[Captioned web image data]
'''
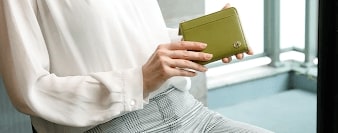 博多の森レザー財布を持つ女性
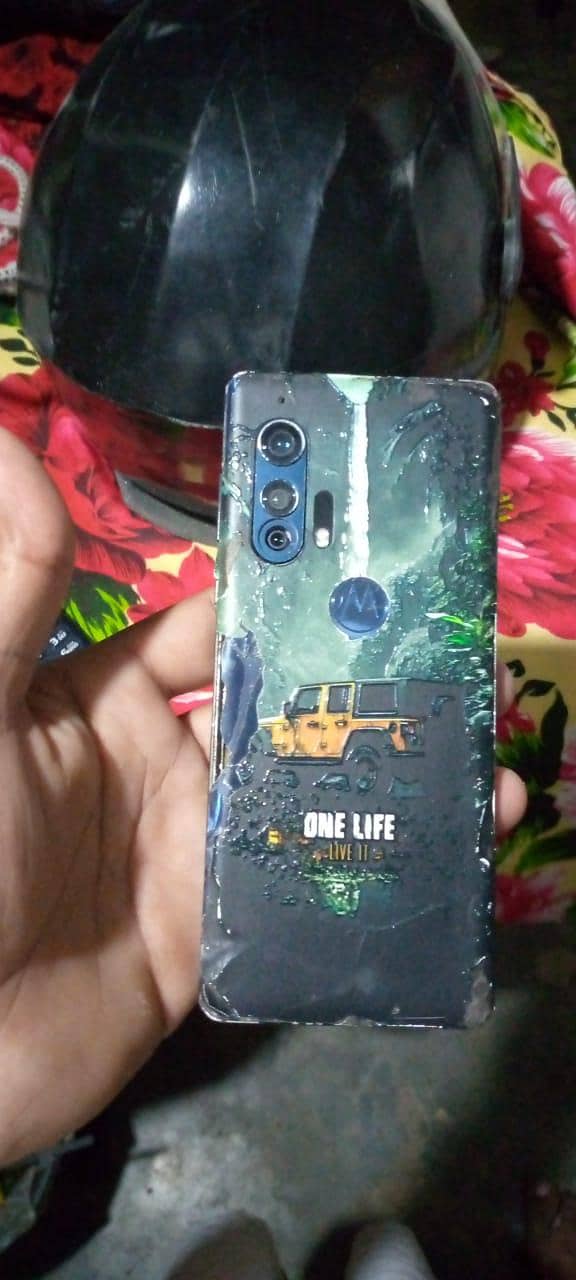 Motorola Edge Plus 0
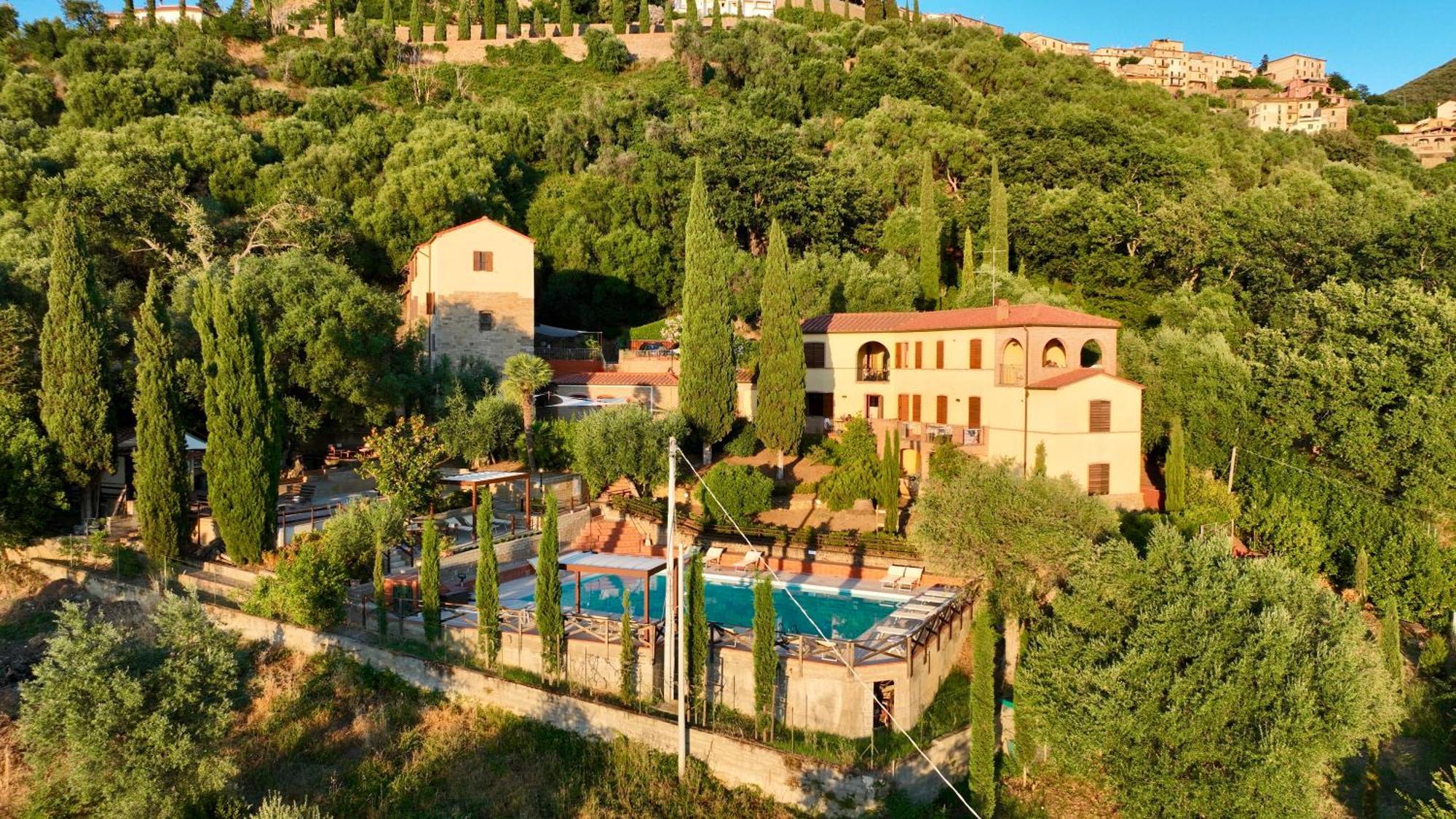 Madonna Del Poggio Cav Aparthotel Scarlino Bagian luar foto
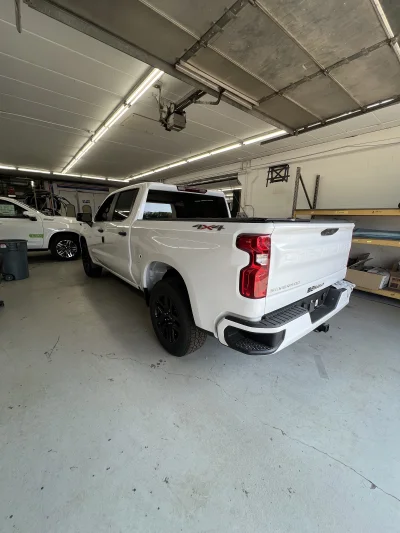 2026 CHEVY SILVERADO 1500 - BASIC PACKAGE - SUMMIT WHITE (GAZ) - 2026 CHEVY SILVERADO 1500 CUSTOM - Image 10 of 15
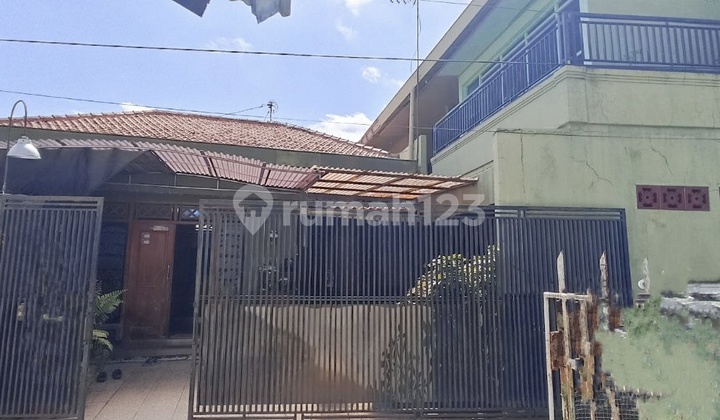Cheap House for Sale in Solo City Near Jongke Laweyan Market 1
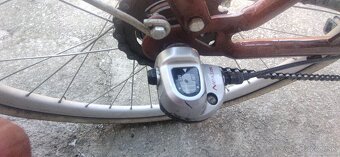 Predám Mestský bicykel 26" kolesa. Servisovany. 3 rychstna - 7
'''
What the task requires: Restate, word for word and without pictures, the lines from the line containing "Madonna Del Poggio" to the last line of the records above.

Response area:
 Madonna Del Poggio Cav Aparthotel Scarlino Bagian luar foto
 2026 CHEVY SILVERADO 1500 - BASIC PACKAGE - SUMMIT WHITE (GAZ) - 2026 CHEVY SILVERADO 1500 CUSTOM - Image 10 of 15
Cheap House for Sale in Solo City Near Jongke Laweyan Market 1
 Predám Mestský bicykel 26" kolesa. Servisovany. 3 rychstna - 7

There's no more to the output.